Ok just been fiddling around with PDF's and copying to Word, select the text you want to copy from the PDF document, by highlighting it, then pressing on Ctrl + C

Then put the curser on the word document where you want to paste the text and press on Ctrl +V

I did it here, from PDF to Word and it worked, with same formatting that was in the PDF document, hope it does for you, and if not let us know


----------



## Aqua_Dragon (Aug 12, 2009)

Although it seems that it works with some PDF's, a couple, such as this one (Where that excerpt came from), leave the copy paste broken apart as in the original post.


----------



## ozziebeanie (Jun 24, 2009)

Just looked it up, as i dont know why it worked with some and not others but the last bit of this artical might be the reason
http://www.pdfzone.com/c/a/Tips/Copying-and-Pasting-PDF-Content-into-a-New-File/


----------



## Aqua_Dragon (Aug 12, 2009)

I don't think so. When it says that a security measure is put to stop copy pasting, it means in its entirety. As in, you can't even highlight anything. I know this because I've seen other PDF's with words that could not be highlighted at all, and these usually were scholarly articles on databases (A couple of them could actually be highlighted, but only a few).

Inside of Open Office (for my Mac), I managed to find a macro that quickly solved the problem by putting everything together and back to normal. This is why I am trying to see if there is something similar with Word.


----------



## ozziebeanie (Jun 24, 2009)

http://articles.techrepublic.com.com/5100-10878_11-1043909.html

http://office.microsoft.com/en-au/help/HA010429611033.aspx

http://pubs.logicalexpressions.com/pub0009/LPMArticle.asp?ID=128

have to disapear for a while but these links i think cover what you want to do. BBl


----------



## DaveA (Nov 16, 1999)

Aqua_Dragon said:


> Although it seems that it works with some PDF's, a couple, such as this one (Where that excerpt came from), leave the copy paste broken apart as in the original post.
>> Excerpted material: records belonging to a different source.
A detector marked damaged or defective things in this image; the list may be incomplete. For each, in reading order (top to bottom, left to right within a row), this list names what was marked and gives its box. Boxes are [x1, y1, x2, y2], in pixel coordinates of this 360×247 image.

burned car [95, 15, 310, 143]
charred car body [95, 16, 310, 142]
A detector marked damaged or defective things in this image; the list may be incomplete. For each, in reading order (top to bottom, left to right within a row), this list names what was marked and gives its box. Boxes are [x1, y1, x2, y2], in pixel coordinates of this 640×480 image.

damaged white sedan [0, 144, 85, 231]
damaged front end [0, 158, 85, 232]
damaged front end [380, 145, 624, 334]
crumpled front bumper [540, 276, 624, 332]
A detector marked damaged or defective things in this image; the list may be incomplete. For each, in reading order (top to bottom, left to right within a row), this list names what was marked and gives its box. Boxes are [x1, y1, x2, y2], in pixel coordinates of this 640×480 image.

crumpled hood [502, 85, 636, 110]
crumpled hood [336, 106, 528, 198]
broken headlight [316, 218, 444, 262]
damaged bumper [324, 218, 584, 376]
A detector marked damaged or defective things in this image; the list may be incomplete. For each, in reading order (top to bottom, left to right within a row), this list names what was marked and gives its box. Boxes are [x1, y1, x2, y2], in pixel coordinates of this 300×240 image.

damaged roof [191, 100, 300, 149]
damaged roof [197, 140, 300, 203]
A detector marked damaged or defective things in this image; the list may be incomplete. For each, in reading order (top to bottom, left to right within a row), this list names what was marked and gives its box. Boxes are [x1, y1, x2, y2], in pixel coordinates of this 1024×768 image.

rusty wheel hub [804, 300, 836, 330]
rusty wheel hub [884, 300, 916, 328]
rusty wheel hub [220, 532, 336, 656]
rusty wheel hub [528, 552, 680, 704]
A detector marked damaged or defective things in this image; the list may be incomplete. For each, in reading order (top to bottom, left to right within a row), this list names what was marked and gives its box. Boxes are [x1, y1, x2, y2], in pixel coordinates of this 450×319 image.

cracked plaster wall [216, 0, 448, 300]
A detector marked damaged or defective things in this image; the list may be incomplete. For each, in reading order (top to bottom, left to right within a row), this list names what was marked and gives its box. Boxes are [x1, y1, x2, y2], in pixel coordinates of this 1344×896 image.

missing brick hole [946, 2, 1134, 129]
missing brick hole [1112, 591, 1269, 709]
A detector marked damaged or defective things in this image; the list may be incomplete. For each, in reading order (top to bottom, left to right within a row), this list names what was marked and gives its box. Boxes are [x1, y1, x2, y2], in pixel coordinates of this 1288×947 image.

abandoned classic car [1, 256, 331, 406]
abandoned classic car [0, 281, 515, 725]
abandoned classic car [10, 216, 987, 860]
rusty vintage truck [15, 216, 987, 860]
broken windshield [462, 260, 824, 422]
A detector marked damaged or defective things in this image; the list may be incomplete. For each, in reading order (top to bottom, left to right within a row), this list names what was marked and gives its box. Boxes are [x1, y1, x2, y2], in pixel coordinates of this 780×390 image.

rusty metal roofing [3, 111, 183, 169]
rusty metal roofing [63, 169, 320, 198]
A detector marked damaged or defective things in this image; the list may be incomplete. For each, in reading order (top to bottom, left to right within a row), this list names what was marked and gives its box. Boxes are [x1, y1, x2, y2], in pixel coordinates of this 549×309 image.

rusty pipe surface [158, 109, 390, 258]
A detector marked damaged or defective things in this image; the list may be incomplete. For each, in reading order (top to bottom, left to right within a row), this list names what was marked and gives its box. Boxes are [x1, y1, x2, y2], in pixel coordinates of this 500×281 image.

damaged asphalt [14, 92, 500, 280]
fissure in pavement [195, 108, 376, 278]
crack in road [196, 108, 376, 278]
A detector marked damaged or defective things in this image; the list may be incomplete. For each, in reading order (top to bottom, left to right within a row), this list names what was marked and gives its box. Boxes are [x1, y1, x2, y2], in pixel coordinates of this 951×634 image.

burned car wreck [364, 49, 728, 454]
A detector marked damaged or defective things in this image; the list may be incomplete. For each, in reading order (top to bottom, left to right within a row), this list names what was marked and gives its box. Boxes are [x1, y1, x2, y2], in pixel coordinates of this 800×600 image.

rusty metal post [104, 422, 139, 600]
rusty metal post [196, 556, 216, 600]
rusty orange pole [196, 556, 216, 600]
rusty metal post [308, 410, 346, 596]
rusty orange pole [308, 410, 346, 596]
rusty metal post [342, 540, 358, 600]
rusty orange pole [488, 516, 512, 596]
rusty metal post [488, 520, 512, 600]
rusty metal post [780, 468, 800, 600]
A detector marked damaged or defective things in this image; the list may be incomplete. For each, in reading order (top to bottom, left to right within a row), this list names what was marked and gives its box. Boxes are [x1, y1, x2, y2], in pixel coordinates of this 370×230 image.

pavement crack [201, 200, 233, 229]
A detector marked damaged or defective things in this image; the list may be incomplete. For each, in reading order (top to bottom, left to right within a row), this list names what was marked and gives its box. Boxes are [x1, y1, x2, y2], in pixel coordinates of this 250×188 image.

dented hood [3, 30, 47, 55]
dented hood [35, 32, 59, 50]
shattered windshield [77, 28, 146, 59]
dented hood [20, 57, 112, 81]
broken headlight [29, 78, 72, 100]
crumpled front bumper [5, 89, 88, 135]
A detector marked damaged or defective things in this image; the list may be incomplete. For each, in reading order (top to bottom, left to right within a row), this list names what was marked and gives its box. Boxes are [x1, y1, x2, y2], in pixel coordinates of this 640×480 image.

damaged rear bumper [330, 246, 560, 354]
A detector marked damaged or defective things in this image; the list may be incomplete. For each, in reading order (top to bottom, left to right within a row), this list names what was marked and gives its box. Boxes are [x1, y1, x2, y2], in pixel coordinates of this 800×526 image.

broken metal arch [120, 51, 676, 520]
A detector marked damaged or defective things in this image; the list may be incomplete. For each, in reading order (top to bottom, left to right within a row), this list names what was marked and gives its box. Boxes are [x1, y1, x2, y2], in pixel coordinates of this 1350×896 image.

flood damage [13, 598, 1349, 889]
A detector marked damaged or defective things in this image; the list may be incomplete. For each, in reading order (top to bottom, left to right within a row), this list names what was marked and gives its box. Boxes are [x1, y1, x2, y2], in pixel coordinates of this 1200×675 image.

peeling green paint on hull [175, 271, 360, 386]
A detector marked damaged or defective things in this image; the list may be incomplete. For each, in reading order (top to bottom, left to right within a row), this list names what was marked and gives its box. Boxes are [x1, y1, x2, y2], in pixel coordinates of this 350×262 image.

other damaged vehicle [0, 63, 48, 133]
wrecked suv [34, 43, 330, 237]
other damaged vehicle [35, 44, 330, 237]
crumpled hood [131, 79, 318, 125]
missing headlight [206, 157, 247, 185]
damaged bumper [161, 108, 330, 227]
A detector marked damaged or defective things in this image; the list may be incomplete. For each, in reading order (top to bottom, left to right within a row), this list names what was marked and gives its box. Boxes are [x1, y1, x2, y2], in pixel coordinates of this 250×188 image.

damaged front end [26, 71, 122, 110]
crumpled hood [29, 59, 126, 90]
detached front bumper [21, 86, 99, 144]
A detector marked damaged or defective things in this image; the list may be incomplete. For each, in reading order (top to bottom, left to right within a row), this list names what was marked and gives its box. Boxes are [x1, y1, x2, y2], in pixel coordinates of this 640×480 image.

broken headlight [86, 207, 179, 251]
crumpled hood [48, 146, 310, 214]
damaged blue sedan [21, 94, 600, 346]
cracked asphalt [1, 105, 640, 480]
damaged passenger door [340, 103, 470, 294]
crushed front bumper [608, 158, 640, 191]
With this PDF file, each line is a separate "Paragraph" so you will get the missed up formatting. If you were to "Turn on" the non-printable character in Word you will see what I mean. This is controlled by the author when the pdf file is made.

I have found that if one has the no-printable characters on will save a lot of trouble shooting questions.


----------



## Aqua_Dragon (Aug 12, 2009)

@Ozzie
I don't think that will work too well since what Dave said is true. So long as those paragraphs remain part of formatting, creating a macro that is just a shortcut of the paste special won't really do anything.

@Dave
That's interesting. It explains why it persists to stay in that manner even with no-format pasting. But it doesn't answer the question - how can I get around this without having to manually erase each one every single time? A macro that would remove the paragraphs, or some other tool that I might not know about.


----------



## DaveA (Nov 16, 1999)

Yes, there are tricks you can do using the "Replace" function of Word, but you need to be very careful about the "Double" paragraph markers at the end of the true paragraph.


----------



## Aqua_Dragon (Aug 12, 2009)

Mind explaining what these tricks are? It doesn't seem like I can just copy and paste the paragraph icon into the replace dialog boxes.


----------



## DaveA (Nov 16, 1999)

Once you have the data pasted in, you need to change the double paragraph markers to to something different, I will use "ZZ" as i very seldom have 2 z's in a row. Then you can change the single paragraph marker to a space and then the "ZZ"s back to double markers.

You do this using the "Find and replace" function of word.


----------



## Aqua_Dragon (Aug 12, 2009)

Perfecto. Thank you very Dave for helping me find my answer, and you too Ozzie for helping out a bunch.


----------